__Source material__.
***

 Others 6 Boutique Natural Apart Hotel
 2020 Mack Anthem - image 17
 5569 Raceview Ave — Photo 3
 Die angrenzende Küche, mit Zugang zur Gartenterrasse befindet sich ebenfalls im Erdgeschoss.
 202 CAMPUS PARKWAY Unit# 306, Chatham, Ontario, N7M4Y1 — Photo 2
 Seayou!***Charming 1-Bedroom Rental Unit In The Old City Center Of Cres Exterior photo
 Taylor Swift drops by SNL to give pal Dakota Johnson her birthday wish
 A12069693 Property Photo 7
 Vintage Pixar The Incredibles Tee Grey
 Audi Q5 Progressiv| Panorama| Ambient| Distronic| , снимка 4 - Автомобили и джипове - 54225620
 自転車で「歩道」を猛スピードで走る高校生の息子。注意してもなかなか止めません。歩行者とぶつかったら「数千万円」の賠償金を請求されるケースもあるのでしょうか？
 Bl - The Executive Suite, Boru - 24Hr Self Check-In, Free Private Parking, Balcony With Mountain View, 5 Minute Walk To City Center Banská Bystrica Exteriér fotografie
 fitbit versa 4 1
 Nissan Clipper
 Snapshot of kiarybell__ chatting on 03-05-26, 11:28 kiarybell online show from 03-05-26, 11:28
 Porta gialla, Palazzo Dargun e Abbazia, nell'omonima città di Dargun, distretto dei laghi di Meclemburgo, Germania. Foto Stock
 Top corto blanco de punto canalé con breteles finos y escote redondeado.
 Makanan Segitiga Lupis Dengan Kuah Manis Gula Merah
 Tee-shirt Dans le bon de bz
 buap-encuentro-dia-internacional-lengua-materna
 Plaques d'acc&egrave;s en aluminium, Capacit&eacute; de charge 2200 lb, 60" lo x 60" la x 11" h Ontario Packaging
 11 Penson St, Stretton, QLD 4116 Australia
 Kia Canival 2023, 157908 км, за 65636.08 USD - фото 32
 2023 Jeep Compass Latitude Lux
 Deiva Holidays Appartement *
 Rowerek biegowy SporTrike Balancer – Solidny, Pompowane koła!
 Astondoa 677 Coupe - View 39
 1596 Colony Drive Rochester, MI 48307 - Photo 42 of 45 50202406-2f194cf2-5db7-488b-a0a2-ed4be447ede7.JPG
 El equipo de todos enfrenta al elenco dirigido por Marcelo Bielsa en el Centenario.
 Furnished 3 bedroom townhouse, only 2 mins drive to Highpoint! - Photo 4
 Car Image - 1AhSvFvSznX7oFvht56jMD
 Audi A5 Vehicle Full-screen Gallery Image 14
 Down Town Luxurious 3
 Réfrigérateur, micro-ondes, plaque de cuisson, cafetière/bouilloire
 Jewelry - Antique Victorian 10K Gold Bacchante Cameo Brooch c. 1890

***

__What the task requires__.
Where a line of the data includes the string "Unit", list that line.

__Answer space__.
 202 CAMPUS PARKWAY Unit# 306, Chatham, Ontario, N7M4Y1 — Photo 2
 Seayou!***Charming 1-Bedroom Rental Unit In The Old City Center Of Cres Exterior photo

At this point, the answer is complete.